Steering the ElephantI take a lot of pictures for all sorts of reasons, but one is to force me to be in the moment. I started my journey with photography when I was 13 years old, using a Kodak Instamatic 404. In my teens I progressed to a Miranda Sensorex, producing images for three high school yearbooks, and further use through my college years. I learned early on that a high quality picture was more than pushing a button to release the shutter. Education and reading certainly helped in understanding the photographic process, but in order for that knowledge to sink in required taking thousands of pictures in all types of lighting situations with numerous types of film. In the beginning the number of good images to bad images was a minuscule percentage. On the up side, that one really good image was enough to bring me back to take a few more.

Back then, the concept of shooting in manual meant not using the camera’s rather simple light meter – a far cry from what that means today in our digital camera world of auto everything. I am glad that I had to learn the basics of photography by using a non-automated camera. Film was (and still is) expensive, from purchasing the roll to developing and printing it. Even if you developed your own black and white photos (which is a very cool, rewarding way to spend a few hours), the cost was not insignificant – enlargers, chemicals, paper, and accessories. It was financially advantageous to remember that taking a picture was a process. A by-product of that understanding of process is emotional and mental focus.

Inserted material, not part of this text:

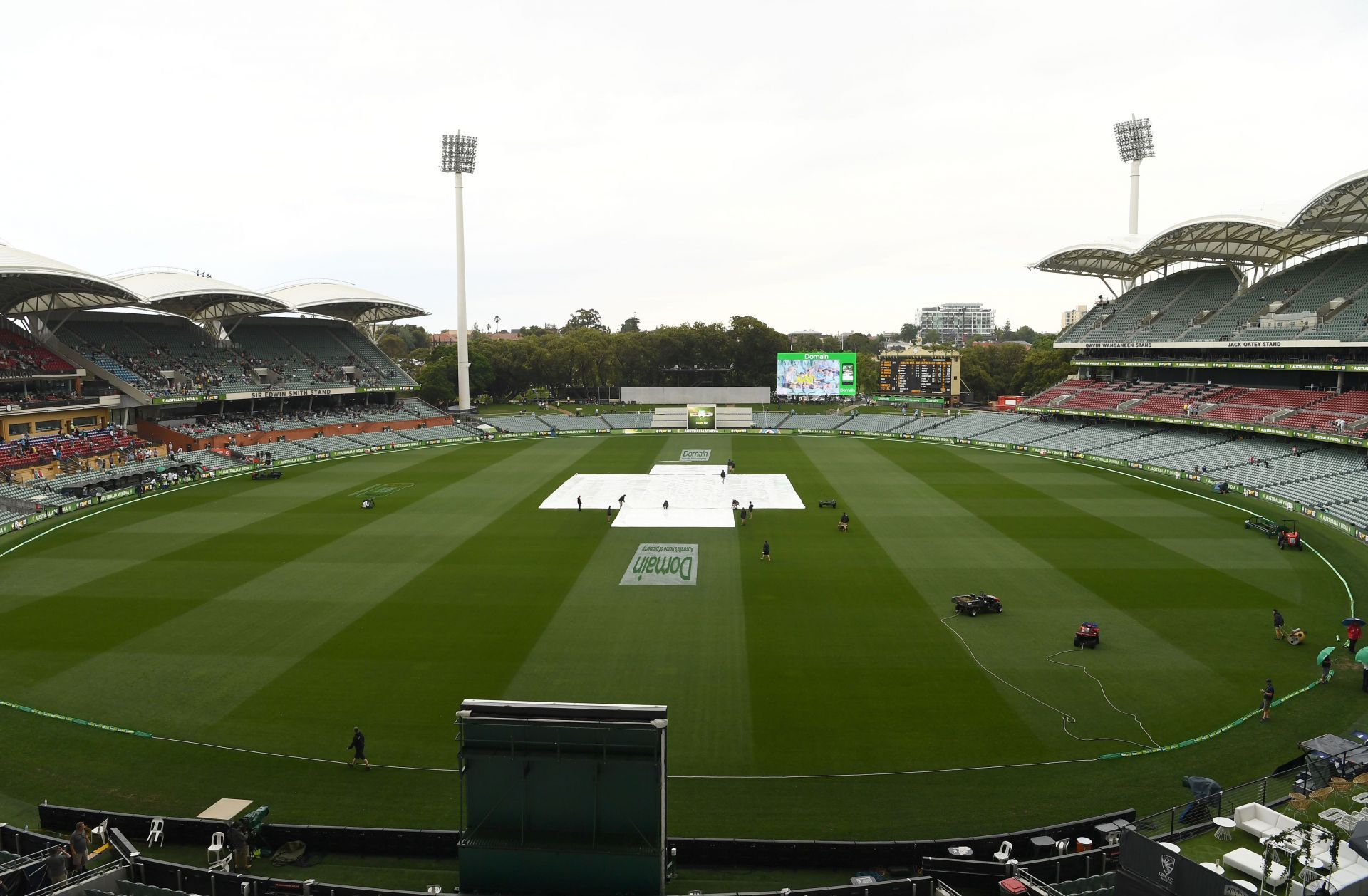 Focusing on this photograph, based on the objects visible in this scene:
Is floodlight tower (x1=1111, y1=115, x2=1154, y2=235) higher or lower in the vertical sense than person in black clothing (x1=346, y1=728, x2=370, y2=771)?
higher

Today I use a digital, mirrorless camera, an Olympus OM-D E-M1, and depending on the situation I shoot in manual mode. Most of the time I set the mode dial to aperture priority, sometimes manually focusing, or changing the light compensation value, or the f value. Even with all of the sophistication of this camera, I still have to take my time and remember the steps needed to take a good picture – how much light is available, how much depth of field do I want, what lens am I using, what shutter speed do I want, why take the picture, and how do I want to visualize the final image. A terrific mindful activity. When I am taking a picture, I can not be thinking of anything else. Time slows down.

I still read a lot and the Web has been invaluable for me. One site that I visit a lot is The Online Photographer, edited by Mike Johnston. Mike had a request the other day for readers to send in a picture of a new camera, and for those who did not have a new camera, to send in one of their oldest cameras. I no longer have the Instamatic or the Sensorex. I went looking for my oldest.

Yashica FX-D with ML 50mm 1.7 lens, ©2016 RAR

This was my birthday present when I was 30. It was THE camera from the ’80’s to the early 2000’s for me. I used it so much, I wore the pleather cover off of it. Now it has this interesting canvas look. It never let me down.

I took this earlier today. I like the lens so much that I still use it on my E-M1, manually focusing it. Some of the pictures on this site were taken with this lens. I am glad Mike made the request because it reminded me of the great times I had using this camera, all of the practice, and all of the prints. It was good visiting with an old friend, reminding myself about the importance of process, and reminiscing.